The second port register, PortBase + 1, is connected to the input pins of the printer port. It is used to receive information from PAPERS0. Bit assignments for this register are given in Table [port1]. The arrangement of bits within this register is the result of the fact that PCs usually can generate an interrupt signal when Ack is set; the interrupt line must be the Ack signal. The three remaining contiguous bits of the register are thus designated as the data input from other PEs. This leaves bit 7 as the GO signal - the bit tested to determine if synchronization has been achieved. It happens that the sense of bit 7 is inverted on the port; the PAPERS0 hardware compensates for this so that a port read sees the GO bit as a 1 when the barrier has fired.

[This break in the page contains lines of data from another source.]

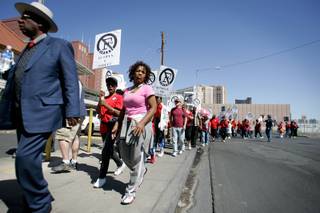 Protesters leave from the starting point near Audrie Street and East Flamingo Road during a rally and march down the Las Vegas Strip to protest the closure of F Street in Las Vegas Saturday, April 18, 2009. 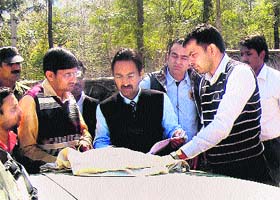SDM (Gurgaon-South) Vivek Kalia and other officials examine land record while executing eviction orders at Punjabi singer Daler Mehndis (inset) farmhouse in Sohna on Thursday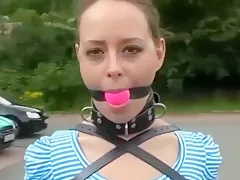 teen 18+ walking in the street with a armbinder, ballgag...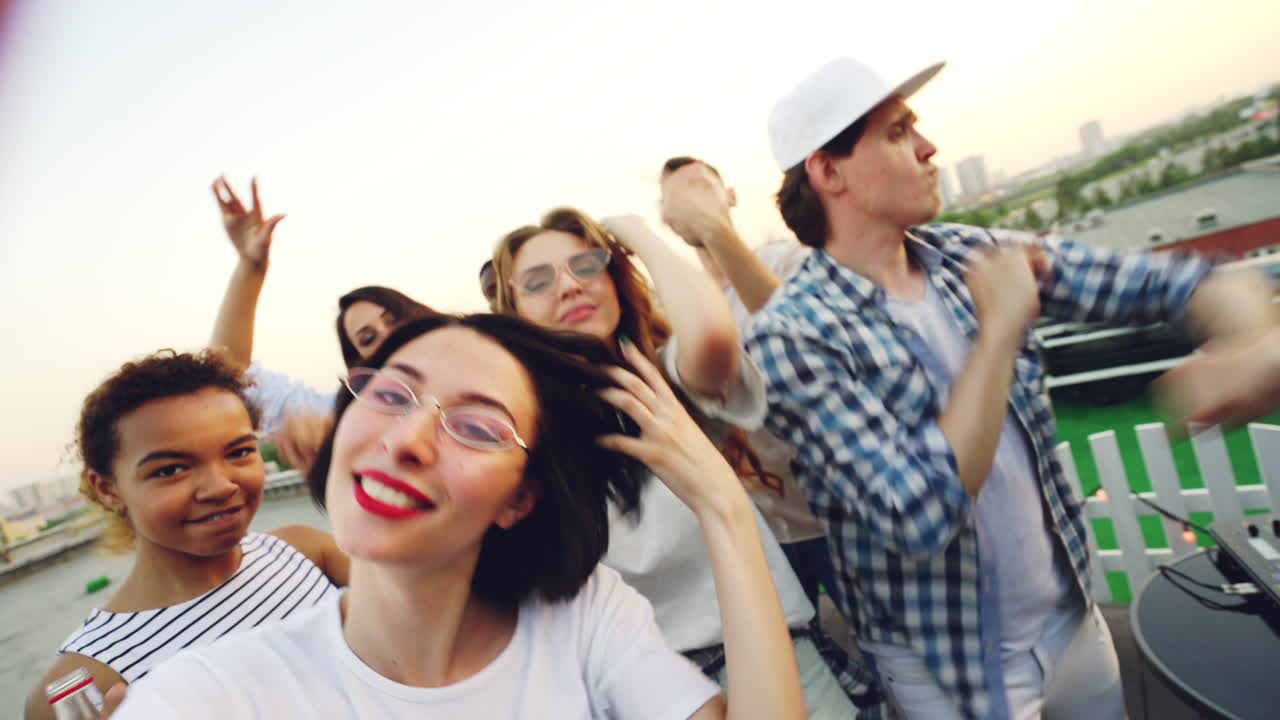 Friends Having Fun on a Rooftop Party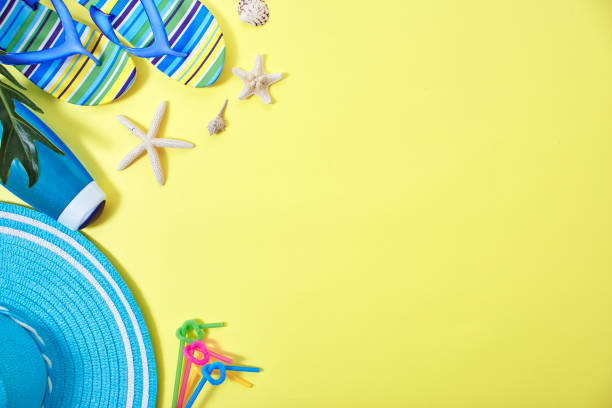istock Flip-flops and Shower cream with colourful ring floating yellow background with copy space 1148332431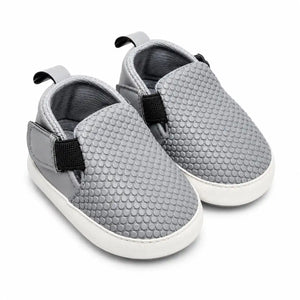 Light grey textured baby slip-on soft sole first walker shoes with elastic side panels – angled view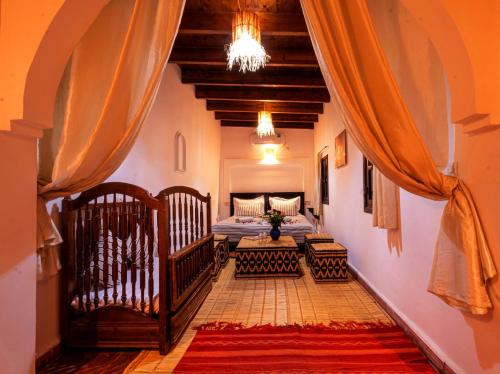 a hallway with a room with two beds and a couch at Riad ViewPoint in Marrakesh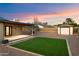 Backyard with artificial grass, gravel landscaping, and a covered patio, offering a low-maintenance outdoor space at 1801 E Berridge Ln, Phoenix, AZ 85016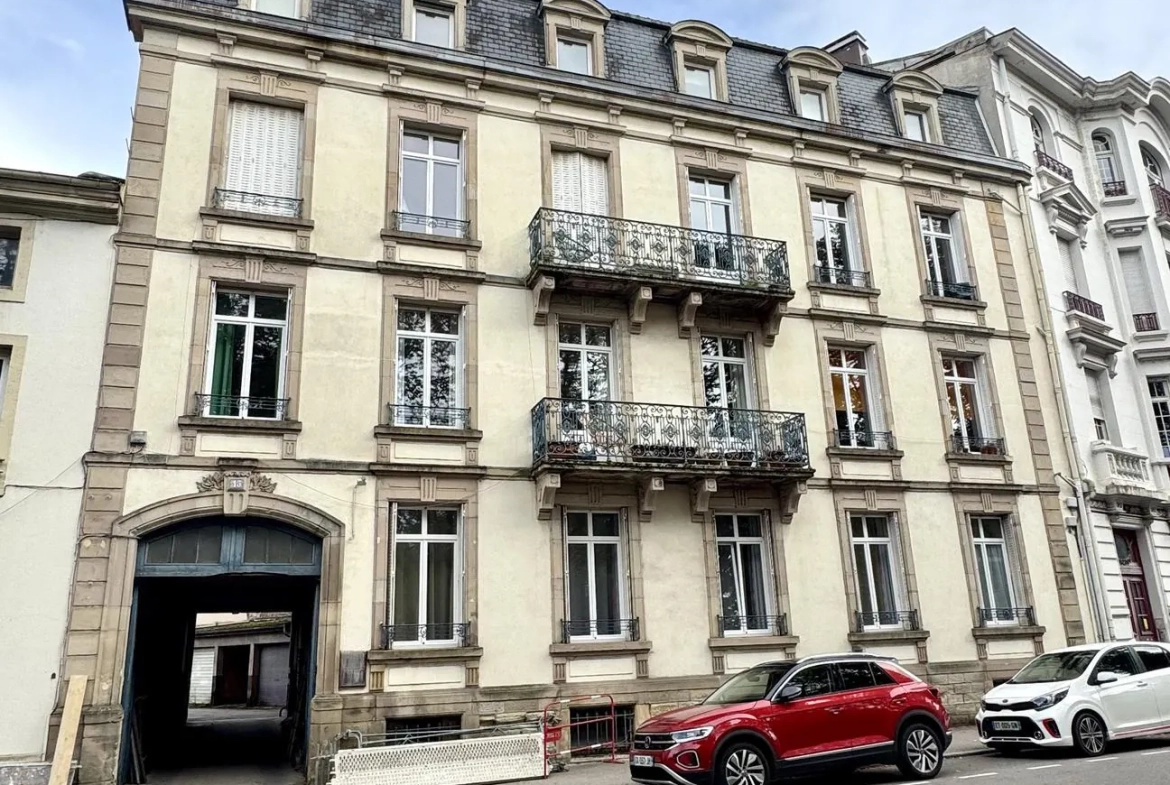 Appartement 4 pièces à Épinal avec charme ancien et cave, proche commodités 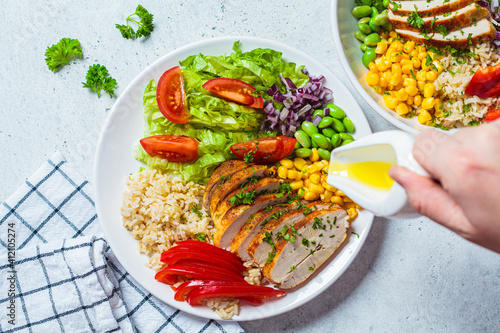 Grilled chicken breast with brown rice and vegetables in white plate, gray background, top view. Healthy food concept.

The third port register, PortBase + 2, controls the handshake pins on the printer port. It is used by PAPERS0 only for output bits that change value relatively rarely - the software does not access this register in the course of executing a typical barrier synchronization . In other words, this register is used for the modal information outlined in Table [port2]. Although this discussion refers to the signals as they are listed in Table [port2], the port actually inverts the sense of bits 3, 1, and 0; compensation for this inversion is done (by XOR with 0xB) inside the lowest-level PAPERS0 port driver.
Three modal bits in port (CE,U0,U1), PortBase + 2, are not actually used by the logic in PAPERS0, but rather are used to drive an informational status display. The CE bit is used to indicate that the PAPERS0 hardware has been properly connected to the PE. The other two bits are user-defined status bits that can be used in any way desired, however, the suggested use is to encode the function that the PAPERS0 hardware is being used to implement. This use is summarized in Table [u0u1def].
As described earlier, there are only two events in barrier synchronization sequence of PAPERS, namely, barrier synchronizarion completed and barrier seen by all PEs. These events can be handled easily by an event driven asynchronous sequential circuit. Hence, PAPERS0 hardware implemnts a simple asynchronous circuit.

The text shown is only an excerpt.